Alabama State University plants on space station

Mustard greens are widely grown and consumed in the Deep South, but a grant from NASA will soon have Alabama State University's (ASU) greens growing and eaten on the U.S. Space Station. 
The grant was awarded to ASU's Dr. Komal Vig, professor of Microbiology, and part of a $100,000 NASA grant titled “Improved Drought Tolerance of Mustard Greens with Atmospheric Pressure Plasma” that will allow her and ASU microbiology student-interns to prepare mustard greens in a University laboratory with the goal for them to be grown in the arid confines of the Space Station with little or no water.
"Our main goal is for ASU to perfect a method in the University laboratory that will allow us to grow drought-resistant mustard greens on the Space Station," Vig said from her campus office. "With limited or no water being expended to grow the greens, we are perfecting a method to irrigate them with a special plasma that we are now perfecting in the lab - with the help from our student interns - which is composed of a combination of many things that include the Noble gases of argon and helium. This project aims to study drought stress using ‘Amara’ mustard greens and if and how treatment with atmospheric pressure plasma can improve the plant’s drought tolerance and nutritional load," stated Vig.

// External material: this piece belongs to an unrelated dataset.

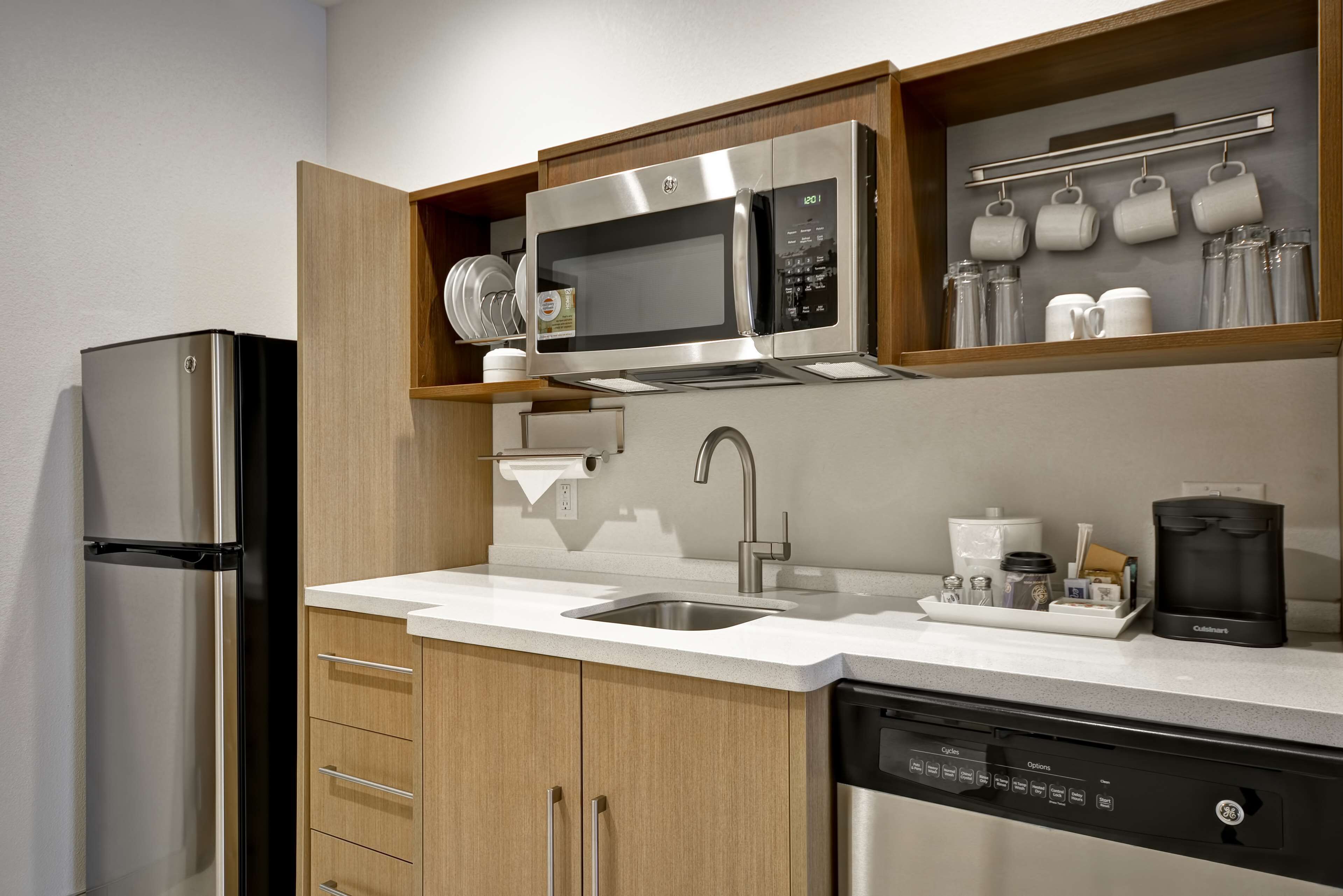 studio, 1 king bed, accessible (hearing) | private kitchen | full-sized fridge, coffee/tea maker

This project will be a collaboration among investigators at Alabama State University (ASU), University of Alabama in Huntsville (UAH), and Alabama A&M University (AAMU). The team combines expertise and lab capabilities in microbiology and genetics (ASU), plasma science and technology (UAH), and agriculture (AAMU).
NASA scientists explained that water is used for multiple purposes in a 'crewed' space mission, including drinking, cleaning, food preparation, and oxygen production for respiration and rocket fuel. Because of a high demand for water in so many instances, and the desire for its crew to have fresh vegetables for consumption that are grown on the Space Station, this experiment was born. 
NASA data explains that, as it advances human space exploration, crop plants will play an important role in a sustained human presence in space, on the moon, and on Mars. Crop plants such as leafy greens and fresh vegetables, provide nutrients, varied texture, flavor, and contribute to an astronauts’ mental health. 
"Growing plants in the engineered environment of space habitats can introduce multiple abiotic stresses that can impact the plant’s growth and nutritional value. The grant's goal is to grow them with little or no traditional moisture, yet still with a good level of nutritional value," stated NASA officials.